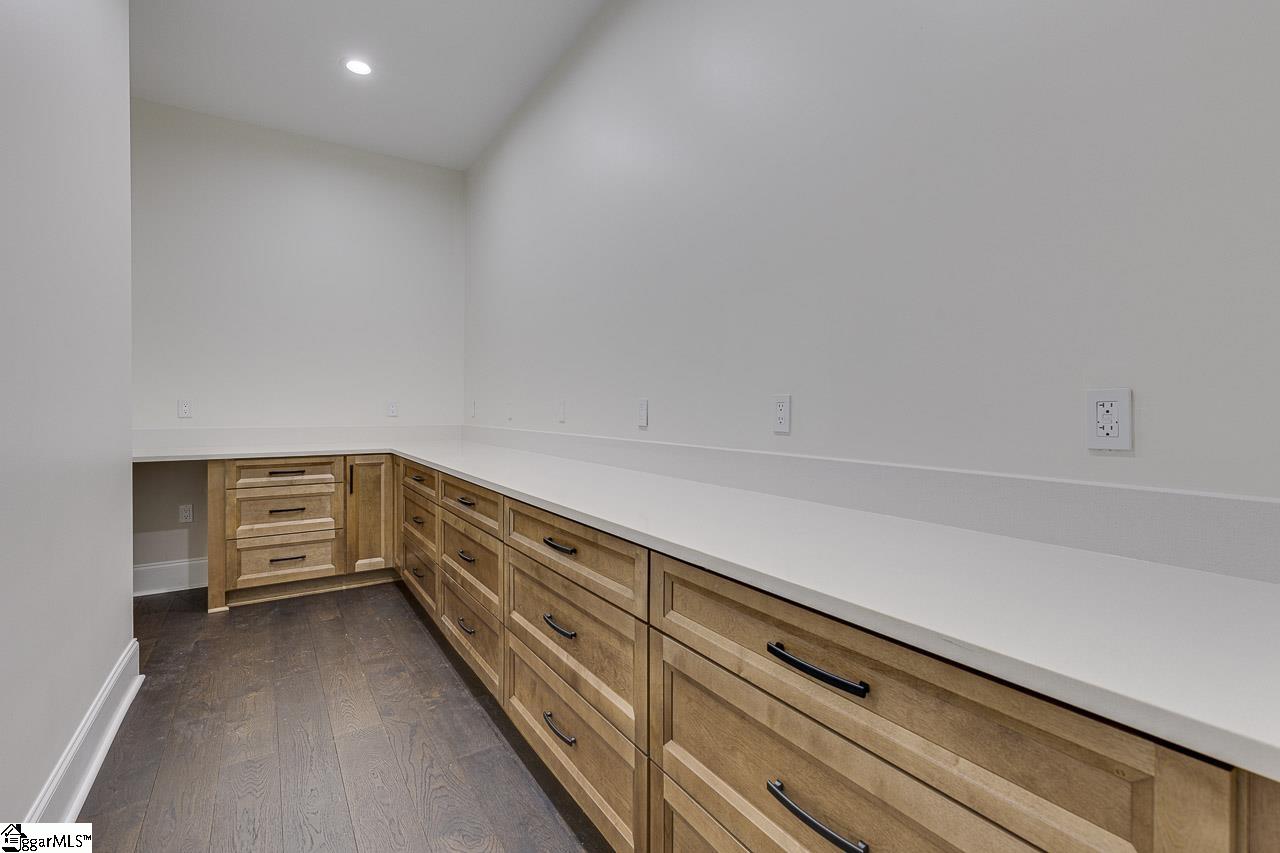 1100 Reidville Sharon Road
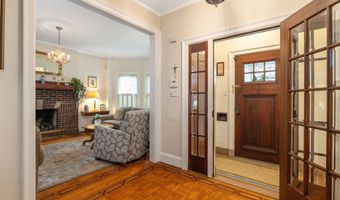 109 S Lake Ave, Albany, NY 12208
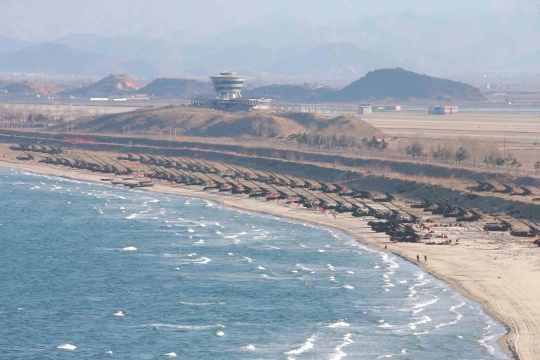 Militer Korut pamer kekuatan tempur di hadapan Kim Jong-un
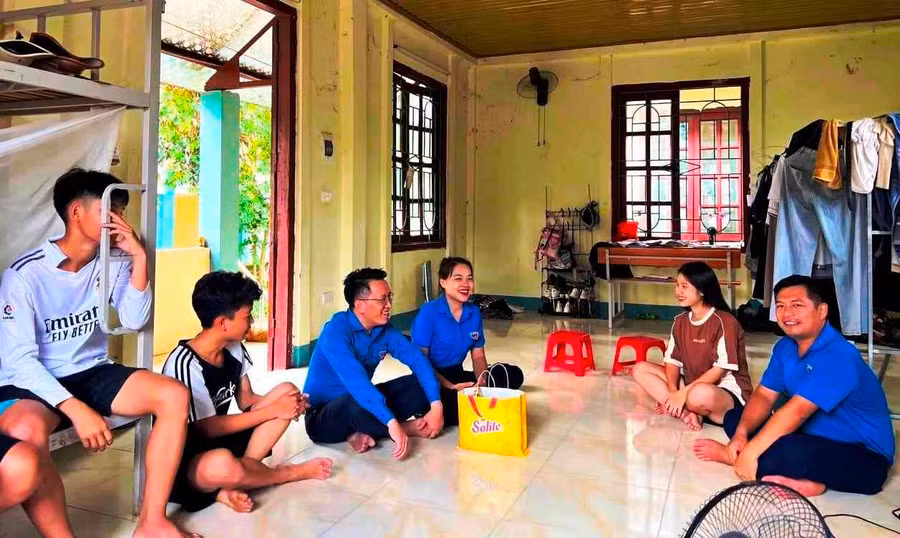 Cán bộ Huyện đoàn Mường Lát vào Làng học sinh Trường THPT Mường Lát (Thanh Hóa) động viên các thí sinh trong những ngày diễn ra kỳ thi. (Ảnh: HĐ)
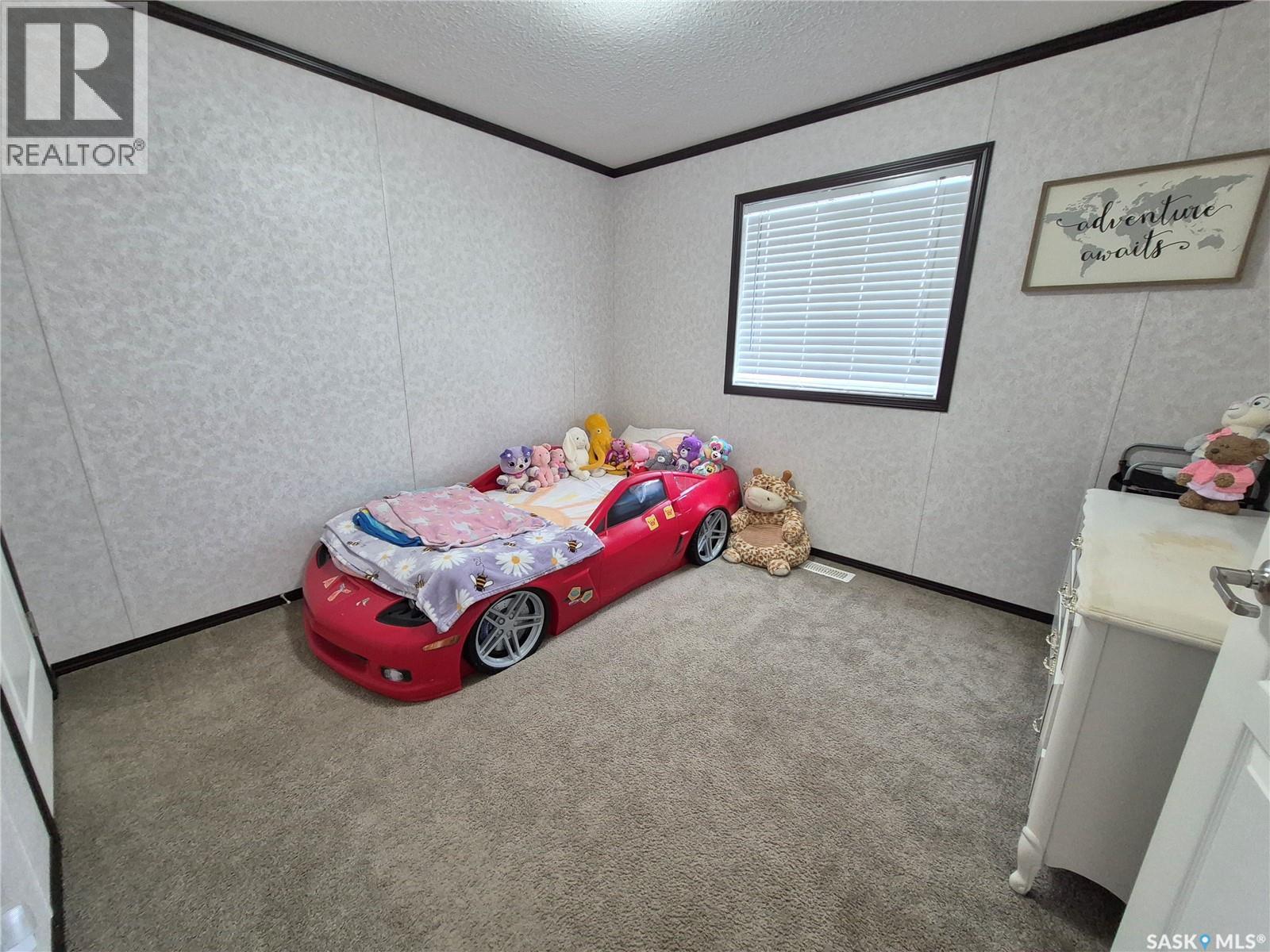 151 2Nd Avenue, Bengough, SK - Indoor Photo Showing Bedroom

What to do => Leaving the images out, retype all the material above exactly.

The completed task =>
 1100 Reidville Sharon Road
 109 S Lake Ave, Albany, NY 12208
 Militer Korut pamer kekuatan tempur di hadapan Kim Jong-un
 Cán bộ Huyện đoàn Mường Lát vào Làng học sinh Trường THPT Mường Lát (Thanh Hóa) động viên các thí sinh trong những ngày diễn ra kỳ thi. (Ảnh: HĐ)
 151 2Nd Avenue, Bengough, SK - Indoor Photo Showing Bedroom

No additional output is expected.